Yorgun adımlarla başladığım hastane süreci beni biraz daha güçlendiriyor ve ayakta dimdik durmamı sağlıyordu. Akabinde ise tahlil, tetkik süreci tamamlanıyor ve öncelikle ilaç tedavisi görmem gerektiği söyleniyordu.
Evet, işte böyle sevimsiz misafir… Bütün bunları yaşadığım zamanlarda sen de benimle beraberdin. Ama kim bilir nelerle meşguldün. Bir dostun anlattığı kıssayı sana anlatayım mı? Biliyorum hoşuna gitmeyecek ama ben o tavırla ayakta duruyorum. Hem bak aylardır yemek yiyemiyordum ya, artık yiyebiliyorum.
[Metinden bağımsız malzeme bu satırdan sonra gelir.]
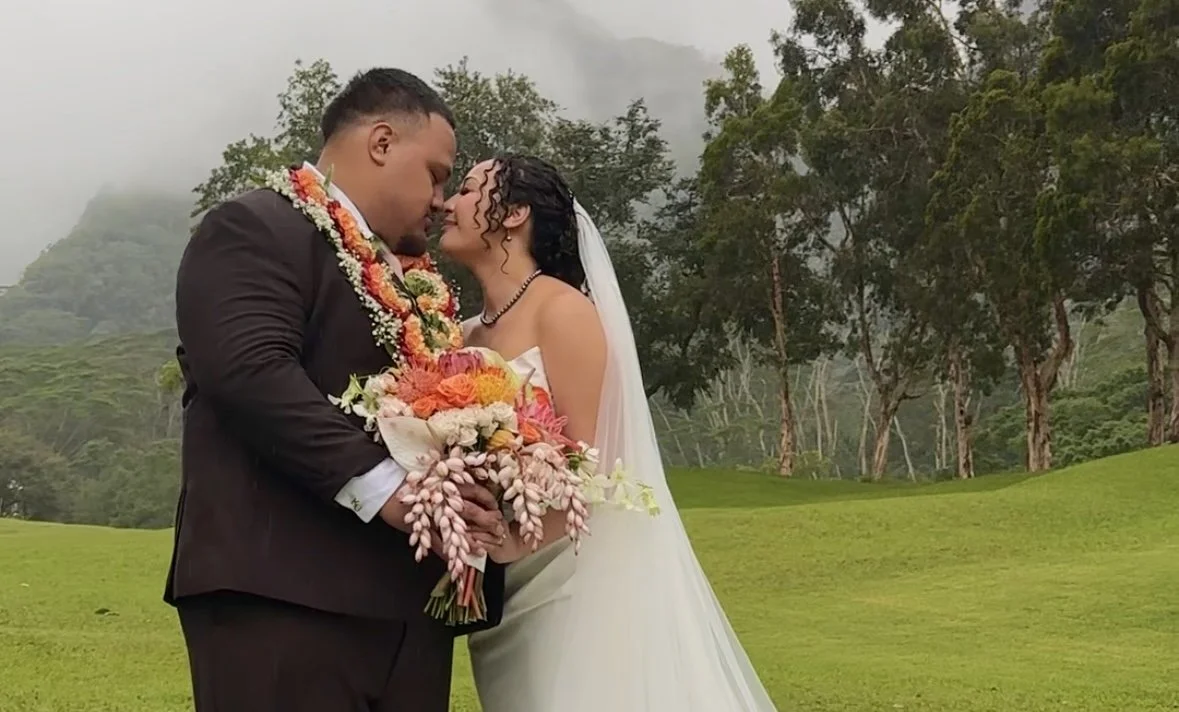 Bride and groom touching noses in intimate romantic portrait at Oahu wedding with soft natural light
Bu da benim bu zamana kadar doğru yaptığımı gösteriyor. Bak nasılmış o kıssa… Adamın birisi kanser olmuş ve kendince mütevazı bir şekilde bu hastalığı atlatma ve eski zamanlarına kavuşma hayali kuruyormuş. Ahvalini soranlara ise bir misafir ağırlıyorum diye cevap verirmiş. Yine öyle bir gün bu minval üzere sorulan sorulardan birisine; “bu bir misafir, misafiri de usulüne göre ağırlayıp yolcu etmek gerek” demiş. Aslında çok mütevazı bir yaklaşım lakin belki ağırlamak zorundayım ama sana bir şey diyeyim mi?
“Sahi ben her misafiri ağırlamak zorunda mıyım? Madem geldin ve davetsiz geldin, mümkünse en kısa zaman da git!”